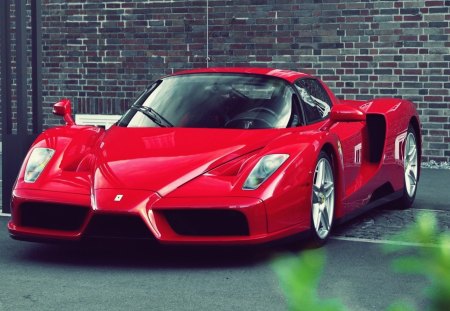 rojo Ferrari Enzo - red, enzo, wheel, ferrari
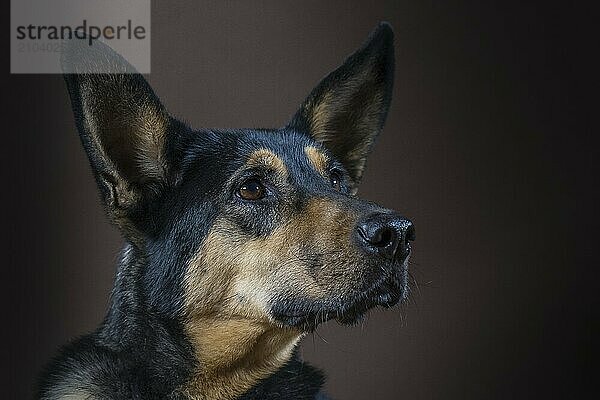 German shepherd mix in the studio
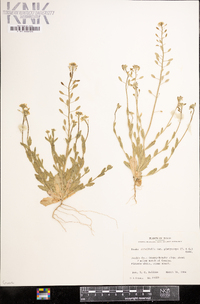 Draba cuneifolia image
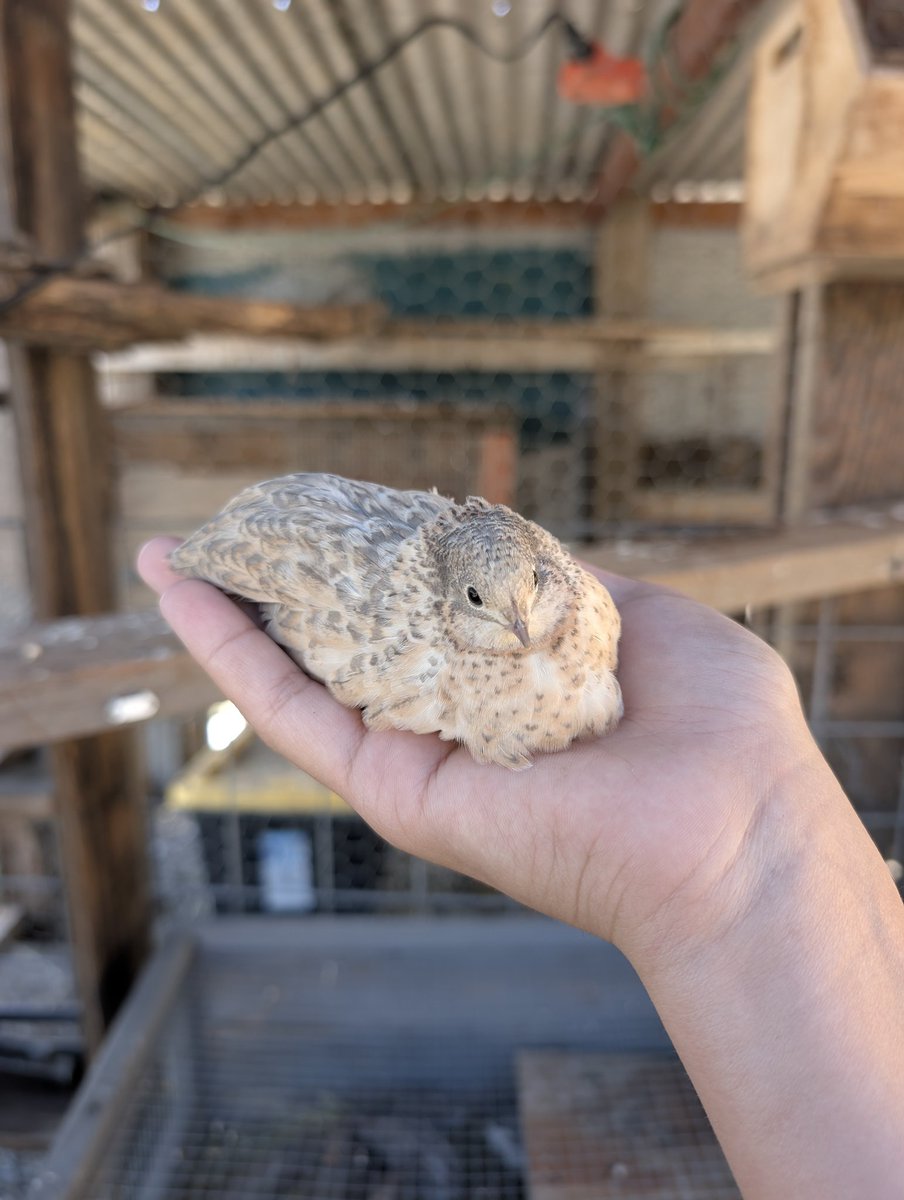 Mrflibbie's tweet image. My fluffiest button quail ❤️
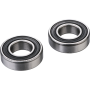 (image for) Front Wheel Bearing Kit - TM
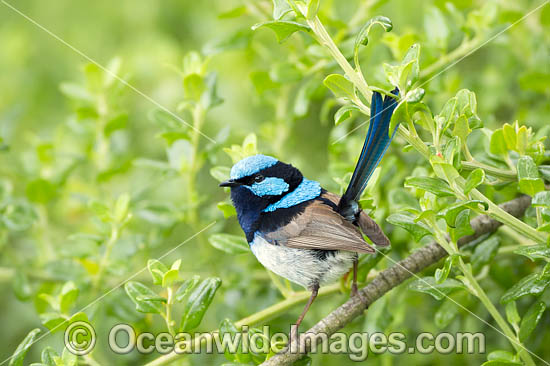 Superb Fairy-wren photo Superb Fairy-wren photo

-=-=-=-=-

TASK REQUIREMENTS :: Copy the records above exactly. The pictures are not part of the copy.

WRITTEN ANSWER ::
 rojo Ferrari Enzo - red, enzo, wheel, ferrari
 German shepherd mix in the studio
 Draba cuneifolia image
 Mrflibbie's tweet image. My fluffiest button quail ❤️
 (image for) Front Wheel Bearing Kit - TM
 Superb Fairy-wren photo Superb Fairy-wren photo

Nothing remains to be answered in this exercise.